● **Recorded data**
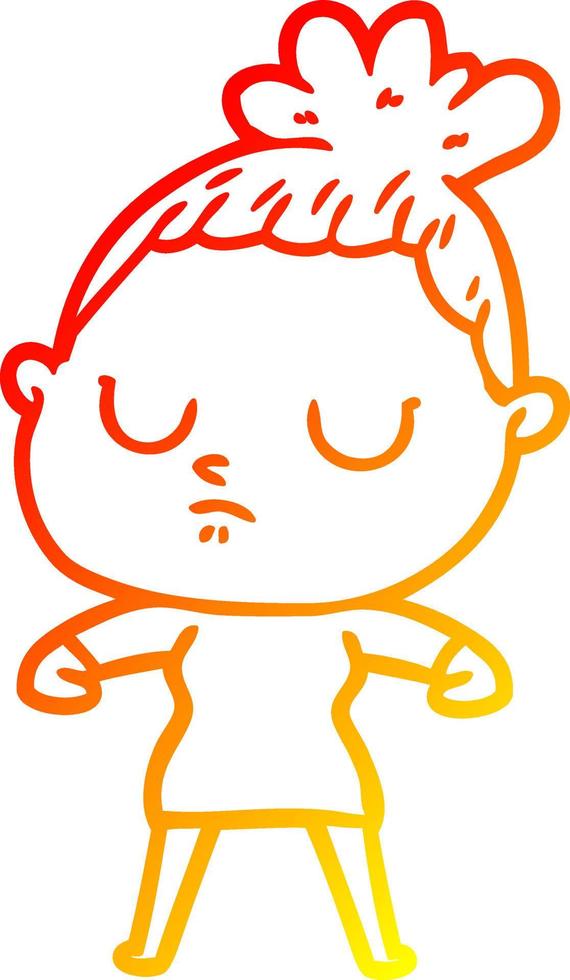 warm gradient line drawing cartoon calm woman vector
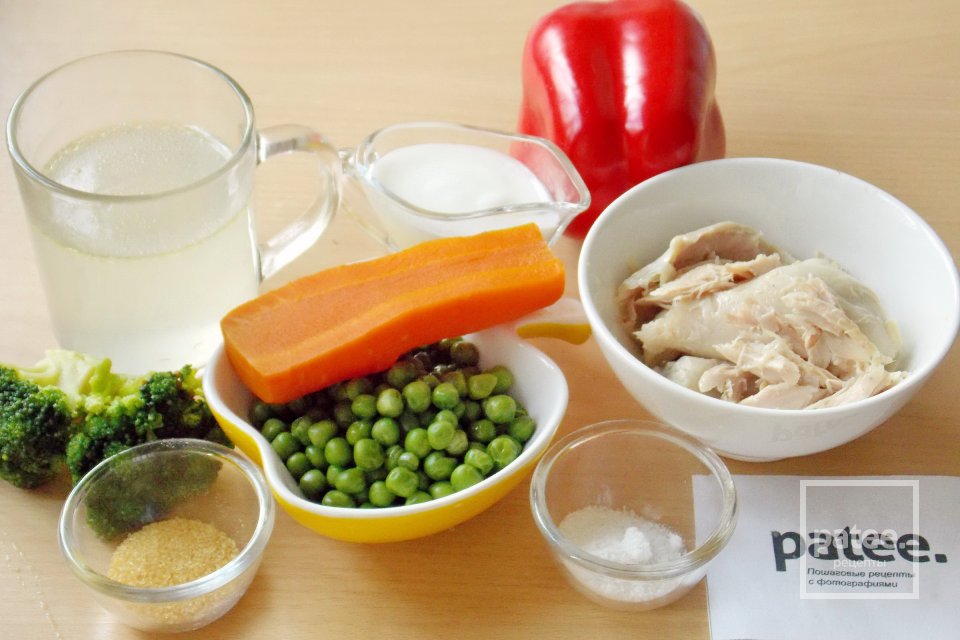 Заливное из овощей и курицы - Шаг 1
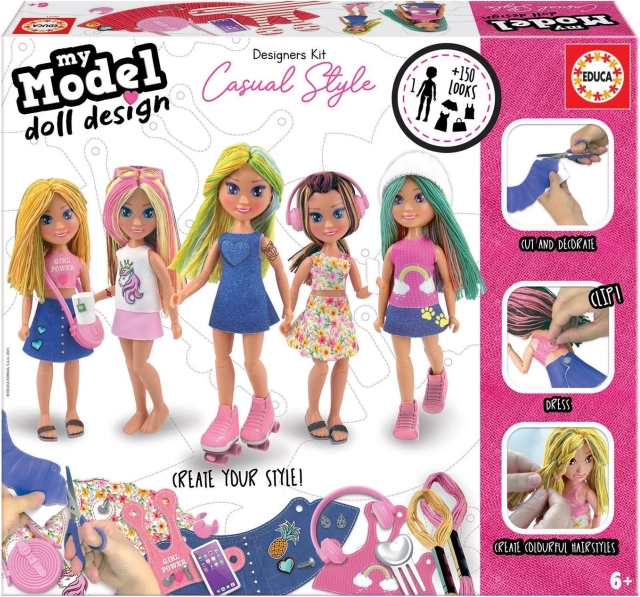 Coffret créatif EDUCA My Model Doll Design : style décontracté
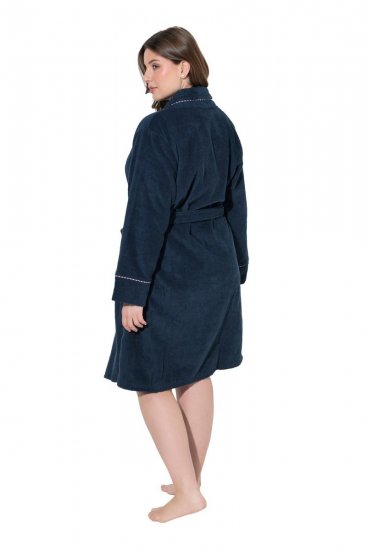 Ulla Popken 826794 Peignoir en éponge Bleu marine - Robes de chambre & peignoirs - 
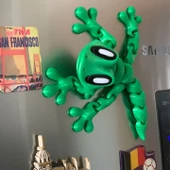 3D Hareketli Gecko Kertenkele Figürlü Buzdolabı Magneti (Süsü) - Yeşil - 3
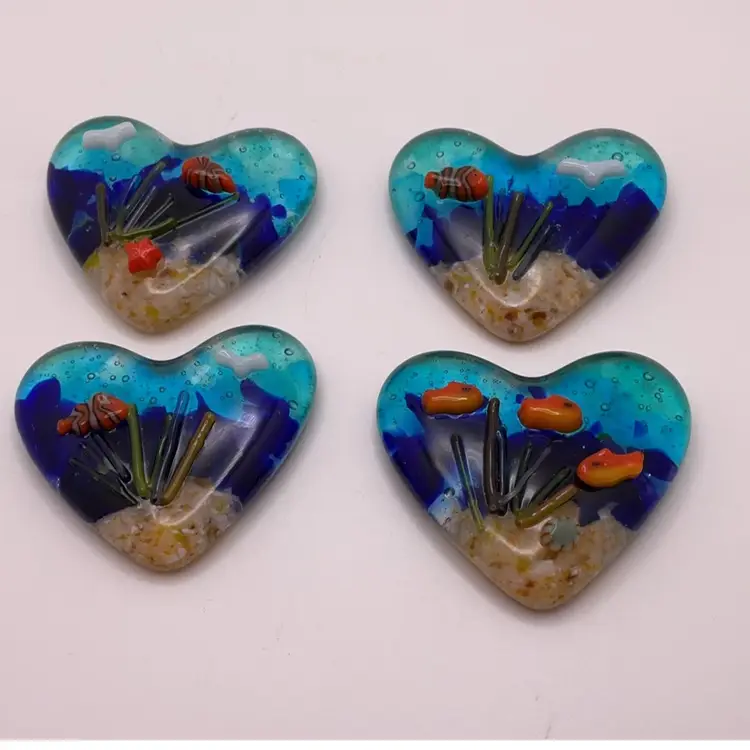 Made by Me! Fused Glass Heart Ocean 3D Goldfish or Nemo Turquoise Sky 1 3/4" Handcrafted Studio Art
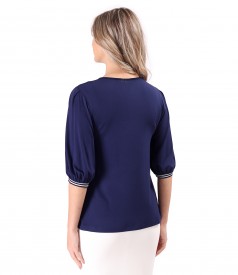 Elastic jersey blouse with 3/4 sleeves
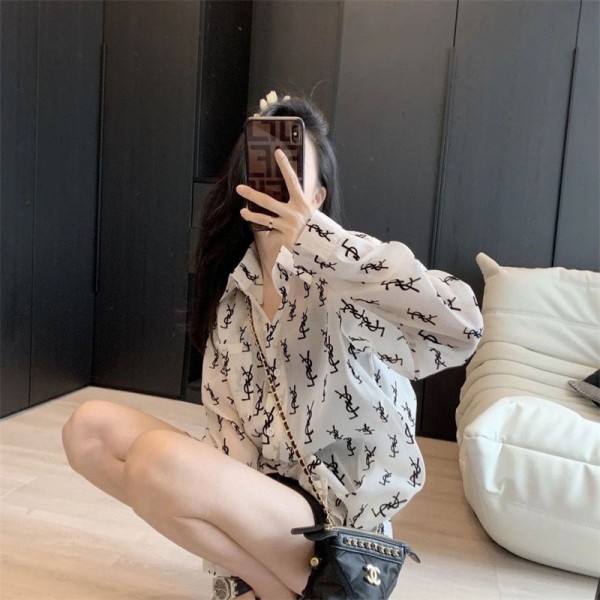 Ysl イヴサンローランブランドシャツ ブラウス レディース トップス S - XL ポケット付き 襟付き 長袖 カジュアル 薄手 オフィス とろみ ゆったり 大きいサイズ 重ね着用 通勤 日常 通学 事務服 ビジネス おしゃれ 夏 通気性 ファッション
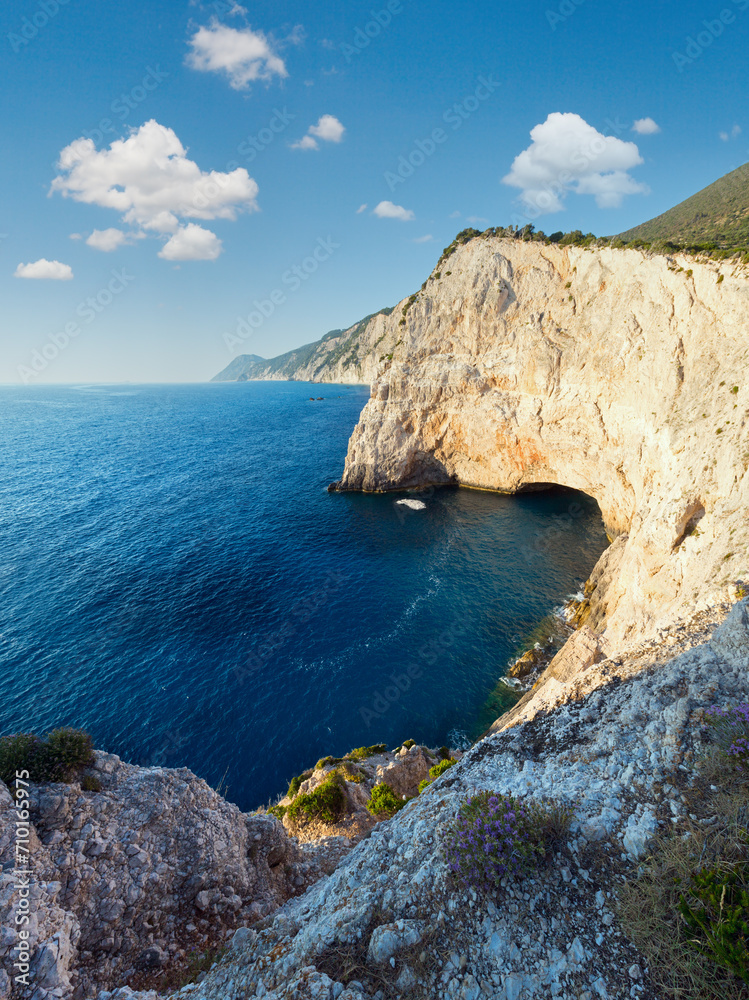 Summer coast landscape (Lefkada, Greece).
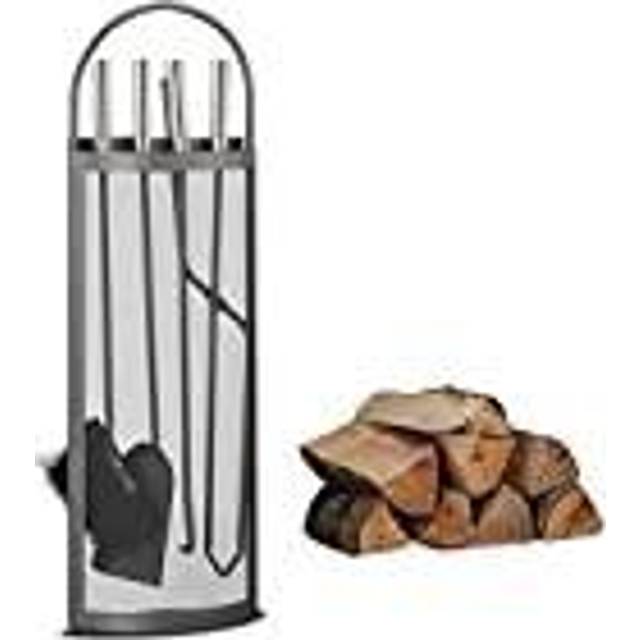 Relaxdays - 5-Piece Fireplace Companion Set Steel Utility Accessories, Modern, Stand, Tongs, Shovel, Poker & Broom, Black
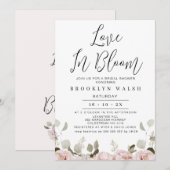 Blush Floral Eucalyptus Love Bloom Vrijgezellenfee Kaart (Voorkant / Achterkant)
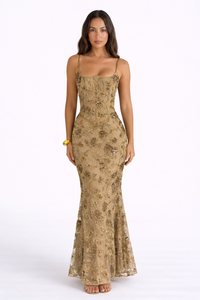 VALERIA Embellished Corset Maxi Dress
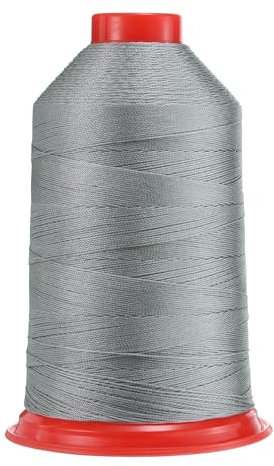 QUARKZMAN 1400 Yards Fil à Coudre en Nylon Lié Taille 420D/3 Fil à Coudre en Nylon pour Upholstery pour Leather Jeans et Tissage Artisanal Machine DIY Gris Argent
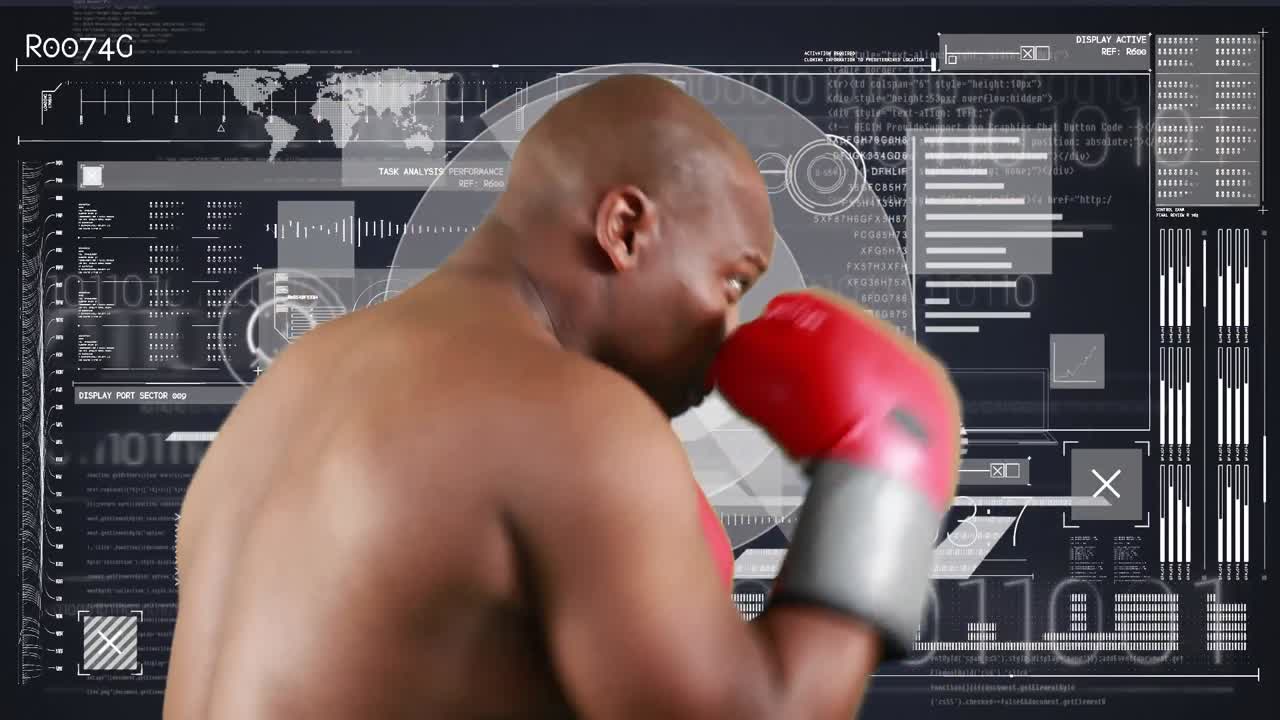 스 ⁇  스캐닝 및 데이터 처리와 함께 남성 권투 선수의 애니메이션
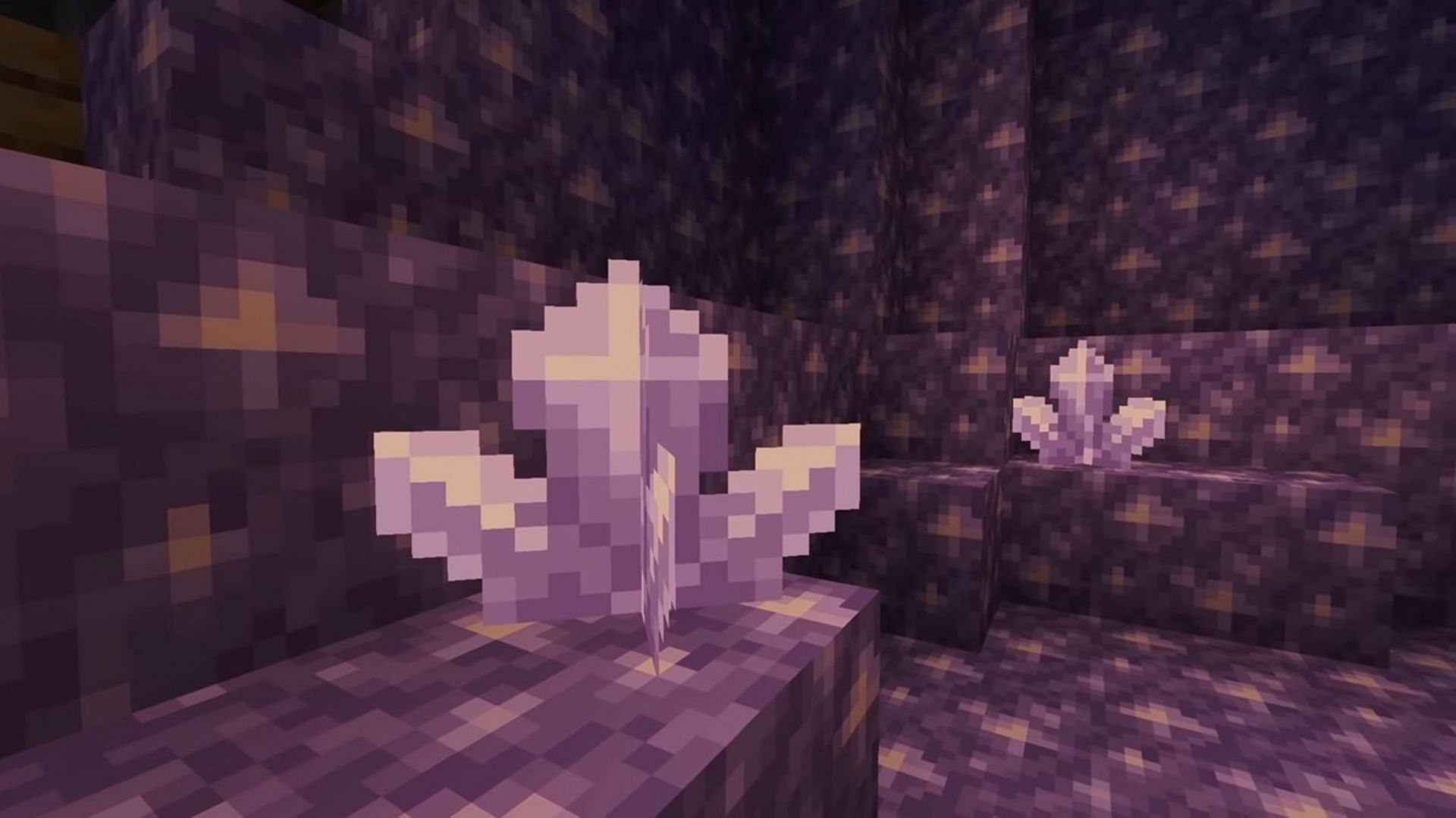 Amethyst clusters growing within a geode (Image via Mojang)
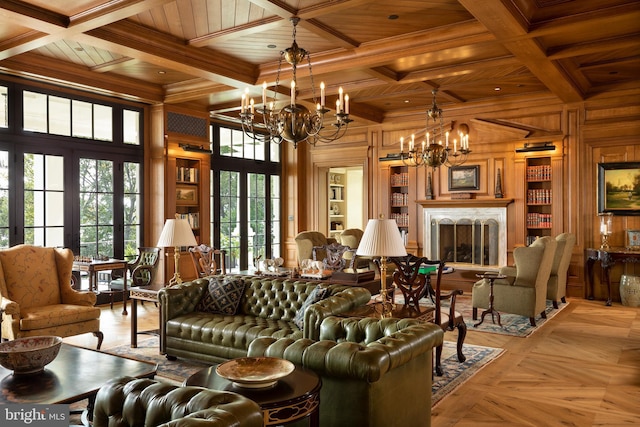 living room with french doors, parquet floors, wood ceiling, an inviting chandelier, and wood walls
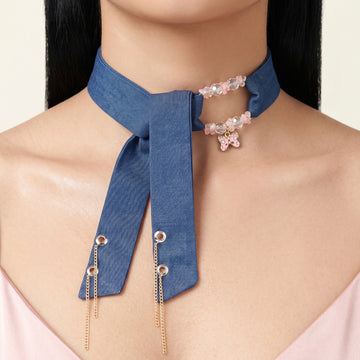 PRAO Necklace Cum Bracelet Denim Scarf With Butterfly Charm And Crystal Beads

● **About this exercise**
Nothing but the lines from the line containing "3D Hareketli Gecko" through the end of the records belongs in the answer, written out exactly, both ends included, without pictures.

● **Answer section**
 3D Hareketli Gecko Kertenkele Figürlü Buzdolabı Magneti (Süsü) - Yeşil - 3
 Made by Me! Fused Glass Heart Ocean 3D Goldfish or Nemo Turquoise Sky 1 3/4" Handcrafted Studio Art
 Elastic jersey blouse with 3/4 sleeves
 Ysl イヴサンローランブランドシャツ ブラウス レディース トップス S - XL ポケット付き 襟付き 長袖 カジュアル 薄手 オフィス とろみ ゆったり 大きいサイズ 重ね着用 通勤 日常 通学 事務服 ビジネス おしゃれ 夏 通気性 ファッション
 Summer coast landscape (Lefkada, Greece).
 Relaxdays - 5-Piece Fireplace Companion Set Steel Utility Accessories, Modern, Stand, Tongs, Shovel, Poker & Broom, Black
 Blush Floral Eucalyptus Love Bloom Vrijgezellenfee Kaart (Voorkant / Achterkant)
 VALERIA Embellished Corset Maxi Dress
 QUARKZMAN 1400 Yards Fil à Coudre en Nylon Lié Taille 420D/3 Fil à Coudre en Nylon pour Upholstery pour Leather Jeans et Tissage Artisanal Machine DIY Gris Argent
 스 ⁇  스캐닝 및 데이터 처리와 함께 남성 권투 선수의 애니메이션
 Amethyst clusters growing within a geode (Image via Mojang)
 living room with french doors, parquet floors, wood ceiling, an inviting chandelier, and wood walls
 PRAO Necklace Cum Bracelet Denim Scarf With Butterfly Charm And Crystal Beads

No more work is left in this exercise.